If the switch has enough power for all the powered devices, they all come up. If enough power is available for all powered devices connected to the switch, power is turned on to all devices. If there is not enough available PoE, or if a device is disconnected and reconnected while other devices are waiting for power, it cannot be determined which devices are granted or are denied power.

If granting power would exceed the system power budget, the switch denies power, ensures that power to the port is turned off, generates a syslog message, and updates the LEDs. After power has been denied, the switch periodically rechecks the power budget and continues to attempt to grant the request for power.

If a device being powered by the switch is then connected to wall power, the switch might continue to power the device. The switch might continue to report that it is still powering the device whether the device is being powered by the switch or receiving power from an AC power source.

If a powered device is removed, the switch automatically detects the disconnect and removes power from the port. You can connect a nonpowered device without damaging it.

You can specify the maximum wattage that is allowed on the port. If the IEEE class maximum wattage of the powered device is greater than the configured maximum value, the switch does not provide power to the port. If the switch powers a powered device, but the powered device later requests through CDP messages more than the configured maximum value, the switch removes power to the port. The power that was allocated to the powered device is reclaimed into the global power budget. If you do not specify a wattage, the switch delivers the maximum value. Use the auto setting on any PoE port. The auto mode is the default setting.

static—The switch pre-allocates power to the port (even when no powered device is connected) and guarantees that power will be available for the port. The switch allocates the port configured maximum wattage, and the amount is never adjusted through the IEEE class or by CDP messages from the powered device. Because power is pre-allocated, any powered device that uses less than or equal to the maximum wattage is guaranteed to be powered when it is connected to the static port. The port no longer participates in the first-come, first-served model.

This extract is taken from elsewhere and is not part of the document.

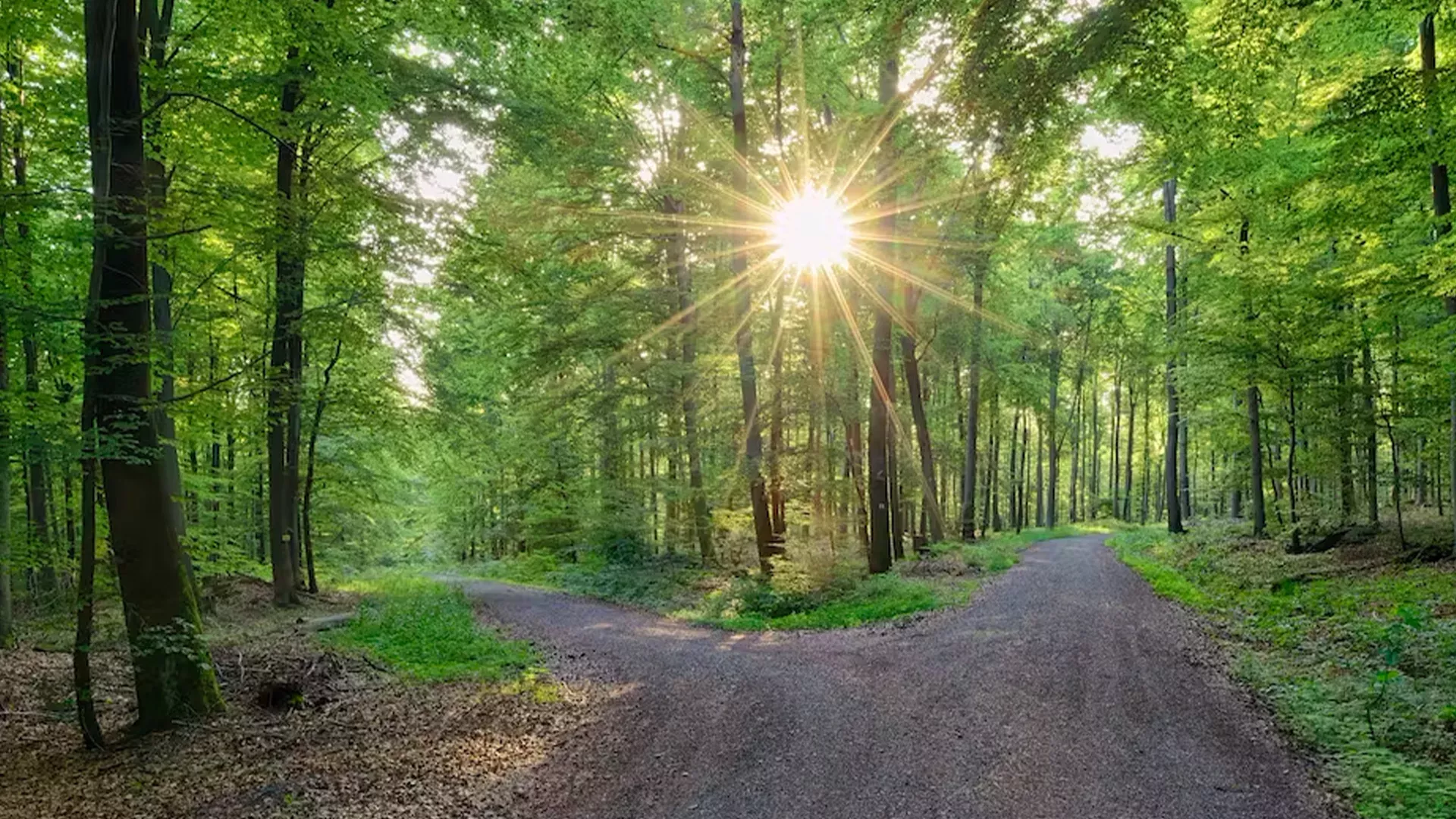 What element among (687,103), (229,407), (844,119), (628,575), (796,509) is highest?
(687,103)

However, if the powered-device IEEE class is greater than the maximum wattage, the switch does not supply power to it. If the switch learns through CDP messages that the powered device needs more than the maximum wattage, the powered device is shutdown.

If you do not specify a wattage, the switch pre-allocates the maximum value. The switch powers the port only if it discovers a powered device. Use the static setting on a high-priority interface.

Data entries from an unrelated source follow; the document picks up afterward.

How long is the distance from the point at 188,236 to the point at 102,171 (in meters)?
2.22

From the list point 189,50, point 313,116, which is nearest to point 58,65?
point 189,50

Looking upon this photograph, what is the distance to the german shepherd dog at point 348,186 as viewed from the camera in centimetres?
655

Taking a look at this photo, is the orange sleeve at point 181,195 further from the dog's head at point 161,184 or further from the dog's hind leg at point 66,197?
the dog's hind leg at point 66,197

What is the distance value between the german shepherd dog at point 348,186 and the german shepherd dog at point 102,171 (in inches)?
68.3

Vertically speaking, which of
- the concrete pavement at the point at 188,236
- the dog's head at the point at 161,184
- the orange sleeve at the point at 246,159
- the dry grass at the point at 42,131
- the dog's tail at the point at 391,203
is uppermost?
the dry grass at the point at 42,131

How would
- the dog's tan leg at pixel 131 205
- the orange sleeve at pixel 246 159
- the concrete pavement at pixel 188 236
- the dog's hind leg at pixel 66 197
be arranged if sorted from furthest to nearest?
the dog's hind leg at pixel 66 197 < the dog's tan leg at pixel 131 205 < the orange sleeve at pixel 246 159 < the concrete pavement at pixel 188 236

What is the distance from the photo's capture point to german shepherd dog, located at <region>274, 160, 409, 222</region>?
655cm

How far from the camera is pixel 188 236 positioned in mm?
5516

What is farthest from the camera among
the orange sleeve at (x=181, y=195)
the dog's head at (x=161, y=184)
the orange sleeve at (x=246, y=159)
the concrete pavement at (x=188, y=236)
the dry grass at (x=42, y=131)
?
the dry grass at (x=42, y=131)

never—The switch disables powered-device detection and never powers the PoE port even if an unpowered device is connected. Use this mode only when you want to make sure power is never applied to a PoE-capable port, making the port a data-only port.

For information on configuring a PoE port, see the "Configuring a Power Management Mode on a PoE Port" section.

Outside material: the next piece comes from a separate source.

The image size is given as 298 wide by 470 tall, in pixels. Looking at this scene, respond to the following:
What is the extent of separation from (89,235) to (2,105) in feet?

Power Monitoring and Power Policing

When policing of the real-time power consumption is enabled, the switch takes action when a powered device consumes more power than the maximum amount allocated, also referred to as the cutoff-power value.

When PoE is enabled, the switch senses the real-time power consumption of the powered device and monitors the power consumption of the connected powered device; this is called power monitoring or power sensing. The switch also uses the power policing feature to police the power usage.

Power monitoring is backward-compatible with Cisco intelligent power management and CDP-based power consumption. It works with these features to ensure that the PoE port can supply power to the powered device. For more information about these PoE features, see the "Powered-Device Detection and Initial Power Allocation" section.

The switch senses the power consumption of the connected device as follows:

1. The switch monitors the real-time power consumption on individual ports.

2. The switch records the power consumption, including peak power usage, and reports the information through an SNMP MIB, CISCO-POWER-ETHERNET-EXT-MIB.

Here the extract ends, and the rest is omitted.